Thursday, November 07, 2013

The Loneliest Highway

I love road trips. In a perfect world, I would always have the time, means, and energy to just ride a bicycle everywhere, even destinations hundreds of miles away. But there's also something special about getting behind the wheel of a vehicle and piloting it across states, absorbing large swaths of scenery and chunks of local culture along the way. 

I've driven all over the North American West during the past ten years, and one of my favorite crossings is Northern Nevada. This segment of Interstate 80 is often described as the most monotonous, least engaging highway in the United States, with nothing but wide-open desert plains and distant barren mountains as far as the eye can see. I disagree with this assessment wholly, but then again these are my kind of landscapes — sweeping and mysterious, with adventurous intrigue lingering on the distant horizons. Still, the twelve-plus hours it takes to drive 800 miles between Los Altos and Salt Lake City is a lot of time to spend in a car by myself. To avoid the boredom sleepies, I keep myself engaged by stopping to take short walks and shoot some photos. This is my photo essay from the California-to-Utah commute.

The view from Donner Pass during the eastbound drive on Oct. 30, looking toward Donner Lake and Truckee, California.

Interstate 80 through Nevada. There are so many mountain ranges here that I want to explore. Someday I will take the time to stay, and not just fly past.

This truck stop has really, really terrible fountain soda. I think it's the well water.

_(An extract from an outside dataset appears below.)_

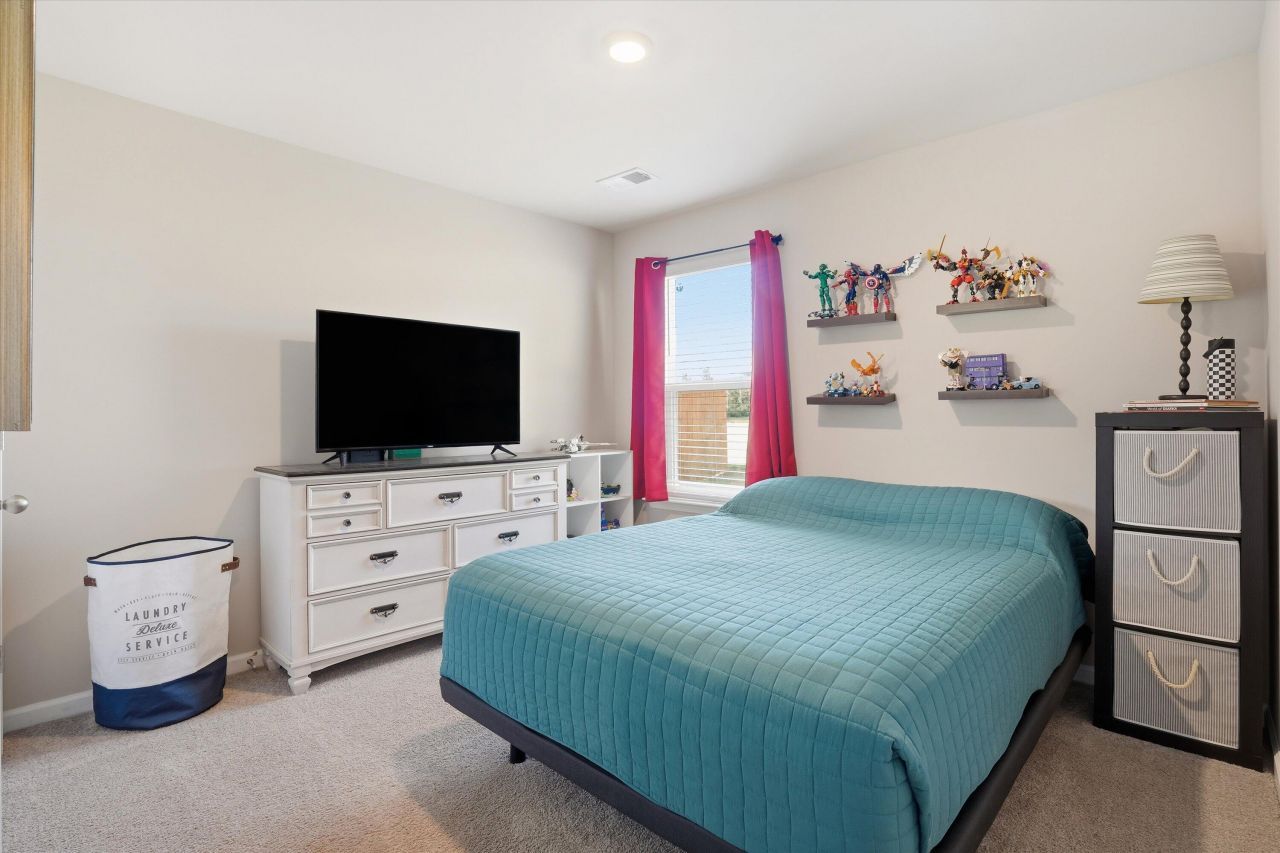 361 Spruce Ivy Street Photo 20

But it does have nice views.

This photo is from the return drive. While gassing up in Wendover, I made a spontaneous decision to detour off I-80 and drive a highway that I've long wanted to travel — Highway 50, also known as the Lincoln Highway and "The Loneliest Highway." Towns along this road are all at least 100 miles apart, and there's little in between but sagebrush deserts and mysterious mountains.

Highway 50 lived up to its moniker as the Loneliest Road. The small amount of traffic I encountered out there was almost disconcerting. I imagine if you traveled this highway in a bad snowstorm and something happened, there's a chance you wouldn't be found for many hours or even days.

Eureka, Nevada.

An overlook view during one of the short walks I took near a BLM area that advertised petroglyphs. I did not find the petroglyphs.

Descending into Austin, Nevada.

Much of Highway 50 is above 6,000 feet. I thought it would be chilly, but temperatures were in the high 50s and even low 60s for most of the day. I *really* wished I could be out riding one of the four bikes I had in the car, but they were too deconstructed and tightly packed to justify a joyride. Also, I was (and still am) stiff and banged up from my bike crash, which I haven't recovered from as quickly as I expected.

A salt flat near Fallon.

Someday I will plan a bicycle tour from California to Utah on these lonely roads. Ideally it would take place during one of these colder months, because otherwise I would have to carry *a lot* of water. Even on pavement it's a hundred miles between resupplies. My kind of space.